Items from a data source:
==========
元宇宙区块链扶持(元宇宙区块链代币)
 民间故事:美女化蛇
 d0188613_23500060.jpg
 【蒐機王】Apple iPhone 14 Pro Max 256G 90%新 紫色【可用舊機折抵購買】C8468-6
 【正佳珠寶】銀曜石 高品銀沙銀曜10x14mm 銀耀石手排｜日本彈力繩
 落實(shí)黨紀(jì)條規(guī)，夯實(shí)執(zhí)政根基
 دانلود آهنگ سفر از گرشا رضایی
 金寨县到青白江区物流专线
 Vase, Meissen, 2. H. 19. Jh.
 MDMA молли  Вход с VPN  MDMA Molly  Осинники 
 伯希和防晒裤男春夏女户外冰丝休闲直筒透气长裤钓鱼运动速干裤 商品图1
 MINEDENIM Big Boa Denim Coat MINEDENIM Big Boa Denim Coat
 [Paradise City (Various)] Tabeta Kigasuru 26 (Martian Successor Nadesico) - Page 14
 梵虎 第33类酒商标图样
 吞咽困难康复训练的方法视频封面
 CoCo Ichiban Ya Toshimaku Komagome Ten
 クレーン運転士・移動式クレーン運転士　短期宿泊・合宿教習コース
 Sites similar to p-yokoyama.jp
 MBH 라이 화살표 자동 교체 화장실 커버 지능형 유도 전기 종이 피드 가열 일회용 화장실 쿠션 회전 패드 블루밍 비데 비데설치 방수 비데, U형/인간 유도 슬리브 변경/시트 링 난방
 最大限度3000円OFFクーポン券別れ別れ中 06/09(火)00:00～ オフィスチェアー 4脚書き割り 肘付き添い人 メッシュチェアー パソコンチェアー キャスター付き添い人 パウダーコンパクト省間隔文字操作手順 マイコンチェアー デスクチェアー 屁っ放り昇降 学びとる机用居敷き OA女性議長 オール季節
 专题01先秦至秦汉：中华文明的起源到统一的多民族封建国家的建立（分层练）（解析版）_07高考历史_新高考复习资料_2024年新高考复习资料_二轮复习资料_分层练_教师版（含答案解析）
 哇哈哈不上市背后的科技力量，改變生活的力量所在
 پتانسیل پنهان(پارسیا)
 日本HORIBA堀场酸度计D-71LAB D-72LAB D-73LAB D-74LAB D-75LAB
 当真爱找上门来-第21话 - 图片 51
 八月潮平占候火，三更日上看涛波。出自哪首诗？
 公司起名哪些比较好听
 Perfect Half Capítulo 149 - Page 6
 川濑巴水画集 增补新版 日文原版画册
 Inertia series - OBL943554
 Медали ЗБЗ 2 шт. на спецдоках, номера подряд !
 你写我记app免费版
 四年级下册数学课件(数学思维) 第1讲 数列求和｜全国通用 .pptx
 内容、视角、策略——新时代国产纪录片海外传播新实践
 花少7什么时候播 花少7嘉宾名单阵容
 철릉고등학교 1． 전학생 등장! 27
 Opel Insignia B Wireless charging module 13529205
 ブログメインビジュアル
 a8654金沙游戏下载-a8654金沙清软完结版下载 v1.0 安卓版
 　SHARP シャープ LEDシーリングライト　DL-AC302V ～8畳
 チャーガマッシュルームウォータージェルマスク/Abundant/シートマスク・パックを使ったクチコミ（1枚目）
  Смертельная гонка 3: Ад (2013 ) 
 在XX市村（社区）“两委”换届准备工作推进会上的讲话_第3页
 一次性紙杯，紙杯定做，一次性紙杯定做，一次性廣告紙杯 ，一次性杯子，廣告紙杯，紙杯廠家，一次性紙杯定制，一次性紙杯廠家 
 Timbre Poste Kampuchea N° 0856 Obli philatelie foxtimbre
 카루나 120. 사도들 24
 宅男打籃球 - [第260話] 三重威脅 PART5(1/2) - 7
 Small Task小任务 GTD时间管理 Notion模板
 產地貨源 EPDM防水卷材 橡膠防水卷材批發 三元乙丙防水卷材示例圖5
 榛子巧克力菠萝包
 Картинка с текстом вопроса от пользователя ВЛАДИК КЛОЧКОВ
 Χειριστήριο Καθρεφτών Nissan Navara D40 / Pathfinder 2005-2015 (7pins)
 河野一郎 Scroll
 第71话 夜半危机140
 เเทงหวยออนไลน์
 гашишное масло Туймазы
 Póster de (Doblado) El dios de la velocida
==========
Where the word "Page" appears in a line of the entries, copy that line.

ANSWER TO THE EXERCISE:
 [Paradise City (Various)] Tabeta Kigasuru 26 (Martian Successor Nadesico) - Page 14
 Perfect Half Capítulo 149 - Page 6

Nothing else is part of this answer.